Lancaster Arts are hosting a number of art and performance events in May which explore our attitudes to death during the national ‘Dying Matters Awareness Week’ 8-14 May 2017.
The Etiquette of Grief
Artist Ellie Harrison returns to Lancaster with her solo show The Etiquette of Grief on Monday 8 May and The Crossing on Tuesday 9 May. Both of which form part of Ellie’s Grief Series: a sequence of projects using a seven stage Grief Model from psychology as the starting point. Each instalment is a collaboration with another artist working in a different field including performance, photography, installation and sculpture.
The Etiquette of Grief is a heart-wrenching and heart-warming performance exploring the wide-ranging emotions that follow an overwhelming loss and the ways in which grief touches us all. The show asks questions about the nature of public grief, often witnessed when a famous figure dies: does the British ‘stiff upper lip’ help or inhibit how we deal with our emotions, and is there such a thing as a collective identity that effects how we grieve? Ellie takes audiences through the sometimes uncomfortable, but also funny and peculiar, rituals of mourning, offering coping mechanisms, moral support, a little musical accompaniment and even a large splash of port.
The Etiquette of Grief will be held at the Peter Scott Gallery on Monday 8 May at 8pm with tickets costing between £7-£5. Following the performance there will be a free panel discussion.
The following afternoon, Tuesday 9 May, Ellie asks ‘How would you like to be remembered?’ This question, and others, form part of The Crossing - a conversation about the different ways we can say goodbye. Drop in and meet Ellie between 2-5pm and you will be guided through a series of questions to help you to imagine your ideal funeral. The answers to these questions are then recorded in a specially created booklet, which can be customised using a series of beautiful hand-drawn illustrations. (There is no charge for this drop-in event.)
Alice Booth, Creative Producer at Lancaster Arts said: "Death is a subject that, for obvious reasons, we find really difficult to deal with and talk about, particularly in this country - only 30% of us in this country have actually written a will. What Ellie’s work The Crossing, does, is give us a creative way to think about how to say goodbye… and she is a fantastic guide”

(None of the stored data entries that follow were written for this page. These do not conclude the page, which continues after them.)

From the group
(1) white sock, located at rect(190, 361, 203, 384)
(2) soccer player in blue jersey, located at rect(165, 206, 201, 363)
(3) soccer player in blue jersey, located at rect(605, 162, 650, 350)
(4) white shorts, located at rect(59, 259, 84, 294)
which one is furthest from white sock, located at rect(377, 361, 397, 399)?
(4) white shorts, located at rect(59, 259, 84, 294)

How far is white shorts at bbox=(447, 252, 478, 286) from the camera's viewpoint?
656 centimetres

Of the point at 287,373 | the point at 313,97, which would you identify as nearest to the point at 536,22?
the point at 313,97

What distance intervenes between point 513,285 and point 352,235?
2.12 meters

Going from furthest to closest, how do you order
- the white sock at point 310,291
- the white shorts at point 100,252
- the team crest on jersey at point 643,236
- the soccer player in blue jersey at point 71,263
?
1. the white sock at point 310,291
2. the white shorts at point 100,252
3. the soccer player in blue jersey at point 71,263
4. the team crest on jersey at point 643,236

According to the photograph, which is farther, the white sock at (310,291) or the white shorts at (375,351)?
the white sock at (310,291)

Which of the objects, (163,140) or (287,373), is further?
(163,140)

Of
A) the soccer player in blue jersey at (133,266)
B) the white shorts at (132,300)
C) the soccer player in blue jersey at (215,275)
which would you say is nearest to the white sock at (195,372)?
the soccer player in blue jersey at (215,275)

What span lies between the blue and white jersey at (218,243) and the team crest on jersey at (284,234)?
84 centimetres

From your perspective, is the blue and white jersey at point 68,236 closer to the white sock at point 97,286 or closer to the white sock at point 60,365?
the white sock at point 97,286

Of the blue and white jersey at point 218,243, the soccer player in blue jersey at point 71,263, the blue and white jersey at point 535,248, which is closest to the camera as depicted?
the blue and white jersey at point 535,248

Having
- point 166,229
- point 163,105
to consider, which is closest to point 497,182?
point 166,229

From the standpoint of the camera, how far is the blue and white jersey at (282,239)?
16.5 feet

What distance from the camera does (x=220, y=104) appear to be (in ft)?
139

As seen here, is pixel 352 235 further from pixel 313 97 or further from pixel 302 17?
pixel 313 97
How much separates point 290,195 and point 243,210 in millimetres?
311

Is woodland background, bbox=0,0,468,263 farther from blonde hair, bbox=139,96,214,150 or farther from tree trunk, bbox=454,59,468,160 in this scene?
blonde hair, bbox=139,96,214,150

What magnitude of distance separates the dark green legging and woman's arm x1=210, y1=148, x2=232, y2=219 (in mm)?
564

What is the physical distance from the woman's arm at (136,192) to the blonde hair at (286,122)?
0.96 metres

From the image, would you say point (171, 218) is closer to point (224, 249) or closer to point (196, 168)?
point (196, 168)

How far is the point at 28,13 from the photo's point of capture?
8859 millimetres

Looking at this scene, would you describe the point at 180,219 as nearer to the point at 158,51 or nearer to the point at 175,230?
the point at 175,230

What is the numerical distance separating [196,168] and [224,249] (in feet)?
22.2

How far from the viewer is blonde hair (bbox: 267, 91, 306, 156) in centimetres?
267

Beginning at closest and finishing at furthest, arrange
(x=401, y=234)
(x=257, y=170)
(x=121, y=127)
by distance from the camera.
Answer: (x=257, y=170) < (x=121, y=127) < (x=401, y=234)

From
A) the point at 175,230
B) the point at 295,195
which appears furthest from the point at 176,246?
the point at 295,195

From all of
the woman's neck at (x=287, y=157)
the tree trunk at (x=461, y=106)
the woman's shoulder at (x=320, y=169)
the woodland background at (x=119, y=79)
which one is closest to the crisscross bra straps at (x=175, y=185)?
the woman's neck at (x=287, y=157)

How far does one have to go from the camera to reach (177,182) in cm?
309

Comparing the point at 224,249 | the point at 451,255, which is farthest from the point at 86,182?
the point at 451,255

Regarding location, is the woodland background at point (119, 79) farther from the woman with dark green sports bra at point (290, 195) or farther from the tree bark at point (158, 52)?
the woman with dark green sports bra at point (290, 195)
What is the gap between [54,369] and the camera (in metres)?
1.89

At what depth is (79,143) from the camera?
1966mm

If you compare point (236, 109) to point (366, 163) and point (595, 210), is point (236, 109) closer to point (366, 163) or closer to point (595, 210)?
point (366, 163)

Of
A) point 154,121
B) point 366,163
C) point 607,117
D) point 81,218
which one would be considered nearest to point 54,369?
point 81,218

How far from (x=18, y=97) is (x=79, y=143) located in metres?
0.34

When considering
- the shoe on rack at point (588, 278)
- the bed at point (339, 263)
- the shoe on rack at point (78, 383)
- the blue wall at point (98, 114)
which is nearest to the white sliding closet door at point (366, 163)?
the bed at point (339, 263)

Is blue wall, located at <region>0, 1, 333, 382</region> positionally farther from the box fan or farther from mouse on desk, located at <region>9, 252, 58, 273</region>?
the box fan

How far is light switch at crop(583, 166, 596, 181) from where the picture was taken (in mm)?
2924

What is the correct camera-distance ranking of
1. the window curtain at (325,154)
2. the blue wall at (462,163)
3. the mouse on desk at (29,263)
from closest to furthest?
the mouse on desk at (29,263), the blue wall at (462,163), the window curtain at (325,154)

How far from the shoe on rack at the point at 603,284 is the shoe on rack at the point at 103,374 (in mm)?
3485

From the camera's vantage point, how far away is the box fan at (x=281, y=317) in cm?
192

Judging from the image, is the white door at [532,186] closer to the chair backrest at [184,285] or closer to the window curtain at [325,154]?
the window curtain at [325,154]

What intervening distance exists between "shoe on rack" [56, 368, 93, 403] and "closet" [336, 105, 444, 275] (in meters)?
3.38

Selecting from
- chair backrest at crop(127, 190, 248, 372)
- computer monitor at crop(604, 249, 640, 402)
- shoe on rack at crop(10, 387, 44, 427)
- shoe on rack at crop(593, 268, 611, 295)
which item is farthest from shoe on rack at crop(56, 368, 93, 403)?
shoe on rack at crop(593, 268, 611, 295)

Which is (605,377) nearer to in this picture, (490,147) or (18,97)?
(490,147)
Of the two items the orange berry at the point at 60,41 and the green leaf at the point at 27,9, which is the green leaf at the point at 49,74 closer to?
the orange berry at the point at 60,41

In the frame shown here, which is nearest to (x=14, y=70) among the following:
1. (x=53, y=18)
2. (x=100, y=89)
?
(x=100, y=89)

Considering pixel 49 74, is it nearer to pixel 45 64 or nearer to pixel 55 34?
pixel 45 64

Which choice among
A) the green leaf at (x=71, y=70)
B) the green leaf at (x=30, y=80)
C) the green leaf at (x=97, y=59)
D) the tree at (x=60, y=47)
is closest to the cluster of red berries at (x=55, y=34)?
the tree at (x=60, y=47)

If you’re visiting the campus for either of Ellie’s performances you can also take part in the free audio art work Woodland which runs on Monday 8 (10am - 5pm) and Tuesday 9 May (10am - 4pm). Created by artists Rebecca French and Andrew Mottershead Woodland offers a meditative and surprisingly calming self portrait of what happens to our bodies after death experienced whilst lying in the campus woodland at Lancaster University. The audio event is free lasting just 20 minutes. Register your interest at the Peter Scott Gallery.